Within weeks, with little explanation and following Review-Journal inquiries, the list dropped to three properties reported to be out of compliance, the newspaper said.
Nevada Public Safety Director George Togliatti, whose agency oversees the emergency management division, said he hoped any failures to meet the deadline were the result of an oversight on the resorts’ part.
“It’s not a list you want to be on,” Togliatti said. “You want the public to understand the intent of this law is to prepare for an emergency or worst-case scenario.”
Togliatti’s agency, as mandated by a new state law, referred the list of 24 properties to the Nevada Gaming Control Board on Nov. 14 for possible disciplinary action. The Review-Journal obtained the list in response to a public records request.
Gaming Control Board officials refused to discuss enforcement efforts.
The law makes plans confidential and unavailable to the public. They should be filed annually by Nov. 1 and include maps and descriptions of buildings and grounds, and potentially sensitive information about evacuation routes. They’re expected to show the location of emergency equipment and command posts, describe public health or safety hazards, and provide telephone numbers of emergency response coordinators.
“When a major incident happens, it’s no time to start looking for the plans,” said former Assemblyman John Oceguera, a retired North Las Vegas assistant fire chief who sponsored an original 2003 oversight law. “Having those plans available to first responders is critical.”
No Las Vegas Strip properties on the list are owned by MGM Resorts International and Caesars Entertainment Corp., the state’s two largest casino companies.

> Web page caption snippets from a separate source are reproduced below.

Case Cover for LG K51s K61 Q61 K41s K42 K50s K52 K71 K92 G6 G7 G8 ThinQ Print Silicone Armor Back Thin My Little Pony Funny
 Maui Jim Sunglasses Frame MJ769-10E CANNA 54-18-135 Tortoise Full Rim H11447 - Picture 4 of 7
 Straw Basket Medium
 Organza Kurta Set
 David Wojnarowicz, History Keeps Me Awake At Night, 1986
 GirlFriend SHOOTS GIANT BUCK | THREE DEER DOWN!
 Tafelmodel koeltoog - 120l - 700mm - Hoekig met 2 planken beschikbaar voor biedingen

That includes the Mandalay Bay, the MGM Resorts-owned hotel where a shooter in October 2017 rained gunfire with assault-style rifles from the 32nd floor into an outdoor music festival crowd, killing 58 people and injuring hundreds before killing himself.
The Review-Journal reported in 2017 the state Emergency Management Division had not reviewed security plans at Mandalay Bay and most other Las Vegas Strip casinos for nearly five years, and that no enforcement measures were written into Oceguera’s 2003 law. It found no evidence that oversight lapses led to the Mandalay Bay attack.
In January 2018, then-Gov. Brian Sandoval voiced concerns about emergency response plans and then-state emergency management chief Caleb Cage formed a task force to address the issue.
Cage said he’s now confident the state has the ability to ensure resorts follow the law.
“The good news is that there are stricter compliance measures in place right now than there were before,” he said. “There are ways that the state can remedy this going forward, and I suspect that it will.”
Kim Yoko Smith, emergency management division spokeswoman, refused to explain why the original list of 24 was reduced to three or whether the casinos removed from the list met the Nov. 1 deadline.
Gambling regulators “reached out to the resorts that were not in compliance, and most have sent in their emergency response plans,” Smith told the Review-Journal. “We are actively working with the others to receive theirs.”
Control Board Chairwoman Sandra Morgan declined to comment on action against non-compliant casinos. Michael Lawton, chief analyst and spokesman for the board, declined to answer questions.
A Dec. 9 letter from James Taylor, board enforcement chief, to a casino the Review-Journal did not identify warned that emergency plan noncompliance could lead to license suspension or revocation, the Review-Journal said.
Taylor called it imperative that resorts comply with the new law, and set a Dec. 31 deadline for latest plans to the emergency management division.